Rolls-Royce recently announced that it has established its Small Modular Reactor (SMR) business. The Rolls-Royce Group, BNF Resources UK Limited and Exelon Generation Limited will invest €228 million across a period of around three years, which will enable the business to secure grant funding of €246 million from UK Research and Innovation funding

A visualisation of Small Modular Reactor by the Rolls-Royce SMR business. Credit: Rolls-Royce website
Rolls-Royce recently announced that it has established its Small Modular Reactor business. The Rolls-Royce Group, BNF Resources UK Limited and Exelon Generation Limited will invest €228 million across a period of around three years, which will enable the business to secure grant funding of €246 million from UK Research and Innovation funding. The UKRI funding was first announced by the UK Prime Minister in ‘The Ten Point Plan for a Green Industrial Revolution’.

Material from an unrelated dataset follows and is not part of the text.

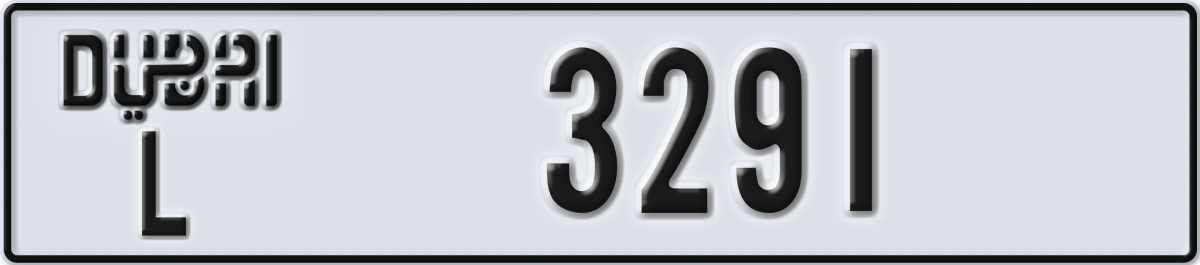 dubai License Plate Number 3370 Code L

Warren East, Rolls-Royce CEO said: “The SMR programme is one of the ways that Rolls-Royce is meeting the need to ensure the UK continues to develop innovative ways to tackle the global threat of climate change. The business could create up to 40,000 jobs, through UK deployment and export enabled growth. As a major shareholder in Rolls-Royce SMR, we will continue to support its path to successful deployment.”
UK government’s Business and Energy Secretary, Kwasi Kwarteng said: “Small Modular Reactors offer exciting opportunities to cut costs and build more quickly, ensuring we can bring clean electricity to people’s homes and cut our already-dwindling use of volatile fossil fuels even further. In working with Rolls-Royce, we are proud to back the largest engineering collaboration the UK has ever seen.”
Tom Samson, CEO, Rolls-Royce SMR, said: “Rolls-Royce SMR has been established to deliver a low cost, deployable, scalable and investable programme of new nuclear power plants. Our transformative approach to delivering nuclear power, based on predictable factory-built components, is unique and the nuclear technology is proven. Investors see a tremendous opportunity to decarbonise the UK through stable baseload nuclear power, in addition to fulfilling a vital export need as countries identify nuclear as an opportunity to decarbonise.”
Nine-tenths of an individual Rolls-Royce small modular reactor power plant will be built or assembled in factory conditions and around 80% could be delivered by a UK supply chain – a unique offering in energy infrastructure in the UK.
A single Rolls-Royce SMR power station will occupy the footprint of two football pitches and power approximately one million homes. It can support both on-grid electricity and a range of off-grid clean energy solutions, enabling the decarbonisation of industrial processes and the production of clean fuels, such as sustainable aviation fuels (SAF) and green hydrogen, to support the energy transition in the wider heat and transportation sectors.